Pertanyaannya beragam, mulai dari yang paling simpel tapi cukup menyengat di otak. Hingga pada taraf transenden yang akibatnya seringkali malah mengkritisi ke-eksis-an Tuhan itu sendiri.
Tak heran, seringkali hal ini menimbulkan konotasi negatif terhadap bidang filsafat. Dan stigma sesat kendati melekat dalam filsafat.
Salah satunya adalah pertanyaan tentang takdir, serta free will atau kehendak bebas manusia menjadi topik yang acap kali diperdebatkan di setiap zaman.
Meski pertanyaannya bisa dibilang ‘nyeleneh’, tetap saja, selalu ada orang-orang yang mempertanyakannya. Entah tujuannya apa, mungkin hanya sebatas “gaya-gayaan” biar bisa disebut seorang filsuf, ataupun bisa jadi ia tengah mengalami pergolakan batin dalam hidupnya.
Seperti, jika kita memiliki kehendak bebas untuk melakukan apa pun yang kita inginkan. Namun, mengapa Tuhan sudah terlebih dahulu menetapkannya di Lauh Mahfuz?
Jadi mana yang lebih tepat; kita tidak memiliki free will, dan hidup bak hewan ternak yang tinggal menunggu takdirnya; ataukah kesalahannya terletak pada Tuhan, yang sudah memberi —katanya— kehendak bebas, tapi Dia sendirilah yang membuatnya bertentangan dengan takdir yang sudah dituliskan, sederhananya: membebaskan tapi sekaligus mengekang, begitu bukan?
Bagaimana?
Dalam istilah Islam, takdir dikualifikasi ke dalam dua hal. Pertama, takdir yang bisa diubah oleh kita sendiri (qadar).
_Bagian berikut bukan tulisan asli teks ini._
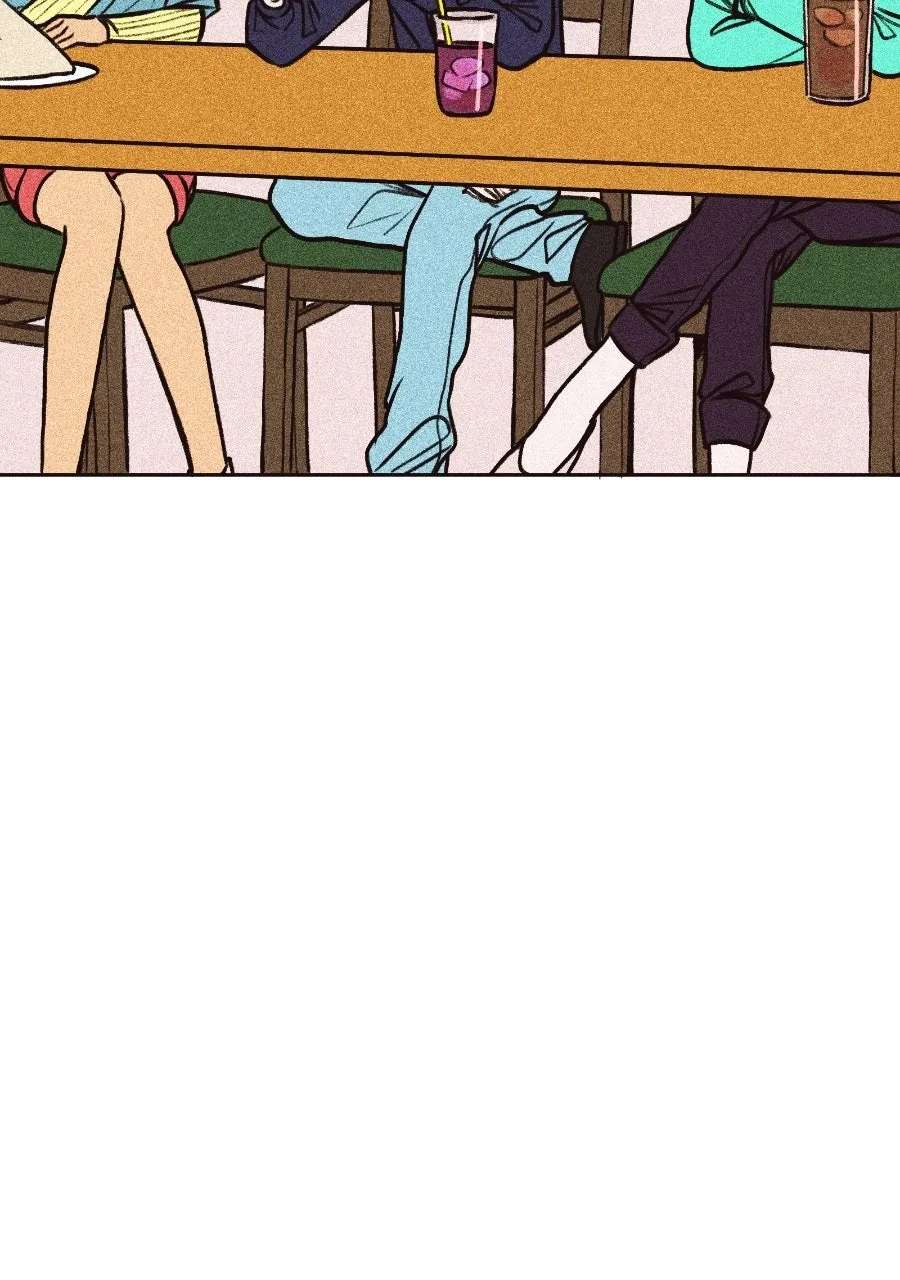 Love Notes for Me? Chapter 30 - page 45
Dan terakhir, takdir atau ketetapan pasti yang mana sudah ditentukan adanya oleh Tuhan, tak bisa diganggu gugat, yang kita mafhum sebagai qada.
Seperti, jodoh, rezeki, dan kematian.
Tapi keduanya baik yang bisa diubah ataupun tidak, sudah tertulis di Lauh Mahfuz sana.